Increasingly, we are seeing the genetic field slowly pivot toward the path we at Genetic Intelligence have insisted on (and blazed) all along. Namely, 1) whole genome (WGS) instead of whole exome (WES) and 2) well characterized cohorts (which can mean smaller number of samples) instead of larger and larger studies. We are excited to see this development.
1) While the zeigeist shuned WGS analysis because of its inherent noise and thus great difficulty, we embraced the WGS challenge from the inception of Genetic Intelligence because it is unavoidable on the way to achieving genomic cipher. This recent Cell paper agrees, writing that:
We are at the start of a new era where WGS will be a predominant technology for genetic analysis. This is a fundamental change compared to previous decades of human genetic studies that have relied on genetic markers that are indirect proxies of other genetic variants in the surrounding region or sequencing data only from the exonic regions of the genome.

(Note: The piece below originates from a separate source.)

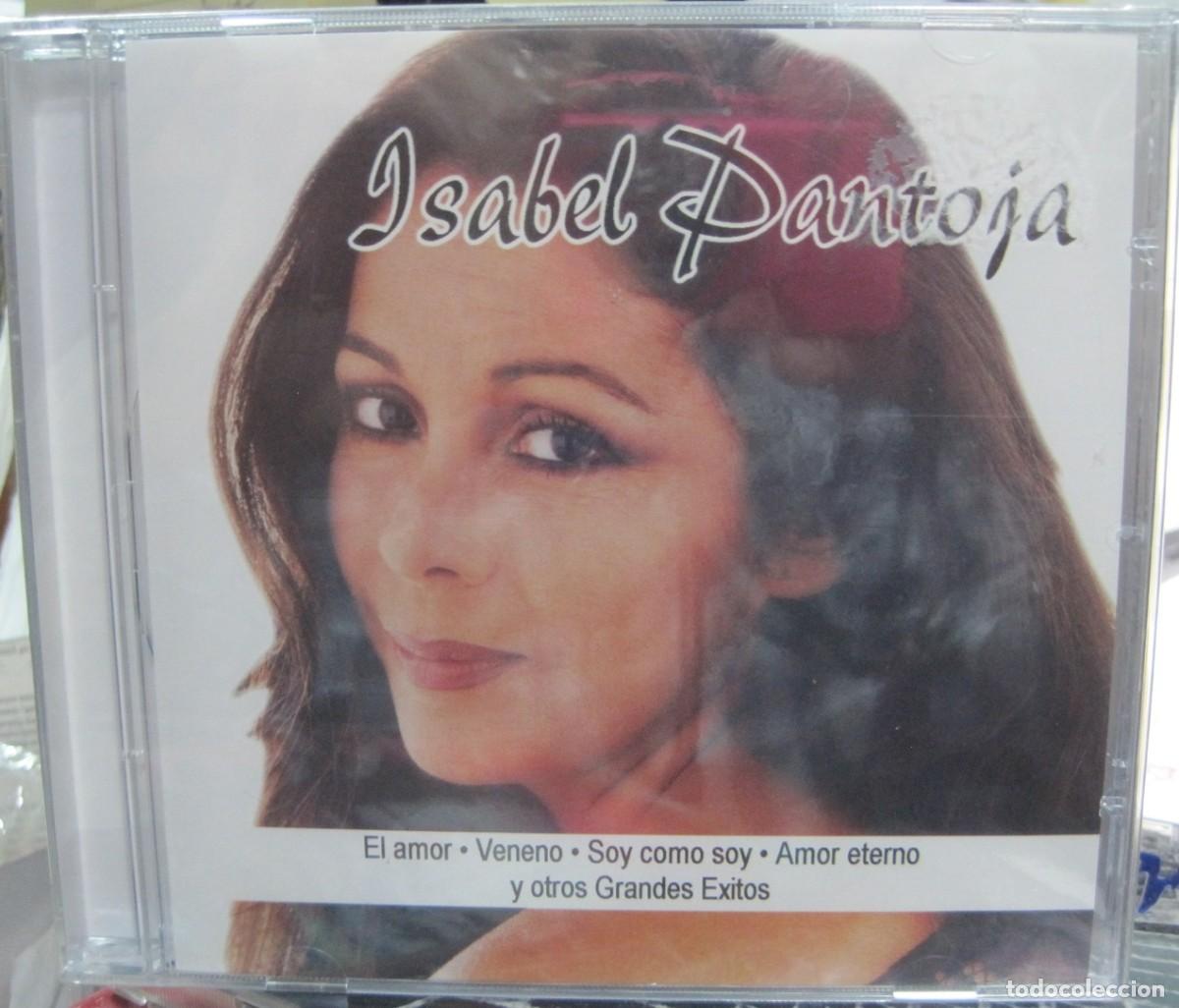 CDs de m&uacute;sica: Isabel Pantoja - Exitos - PRECINTADO - Foto 1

2) On our critical point that more and more WES data is not the answer, and that we have to be able to find causal genetic features using a lower number of samples, there was this kernel in another Cell paper of the same series:
The vast majority of GWASs have been conducted in European populations, and with the exception of some unique subpopulations, we are skeptical of the marginal value of ever-larger studies in these same populations for the purpose of gene discovery.
Next comes the question of how to effectively achieve these two features, which are critical if precision medicine is to succeed. And we are here with the solution.